The Senate Judiciary Committee approved a bill Monday that would require a supermajority of Iowa Supreme Court justices to declare a law unconstitutional.
Five of the Supreme Court’s seven justices would have to agree in order to declare an Iowa statute unconstitutional.
Sen. Julian Garrett, R-Indianola, said he feels the Iowa Supreme Court has “overstepped its bounds.”
“There have been a whole series of cases over many years where major changes in our society have been made—not through the legislative process, not as a result of the people’s elected representatives—but just based on the opinion of a majority of judges on a court,” Garrett said.
Iowa Supreme Court decisions are currently based on a simple majority, with some rulings split 4-3.
Sen. Nate Boulton, D-Des Moines, urged the committee to vote no because the law would “redefine the state’s balance of powers.”
“It is certainly interesting that in terms of determining how many justices are required to interpret the constitution, we’re doing this with a statutory action—not a constitutional amendment, not anything more serious than that,” Boulton said.
Nebraska and North Dakota are the only states that have similar laws in place.
Sen.

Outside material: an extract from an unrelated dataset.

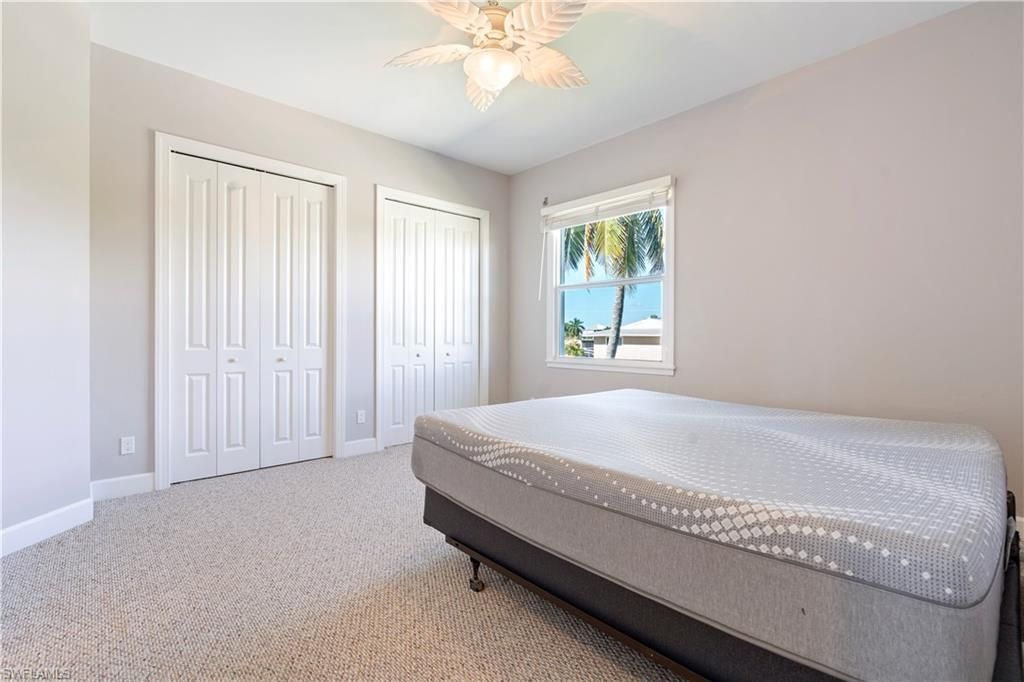 566 Coconut Ave, Goodland, FL 34140 Photo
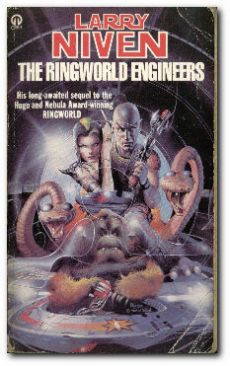 Sehnsucht, die das Herz berÃ¼hrt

Charles Schneider, R-West Des Moines, was the only Republican to vote against the bill. He said a change like that should be considered by voters as a constitutional amendment.
“I understand the feelings behind it, and why some people might want to move in this direction,” Schneider said. “But to me, I can very easily see this working against people for the same reasons they’re supporting it now.”
The bill can now be considered by the full Iowa Senate.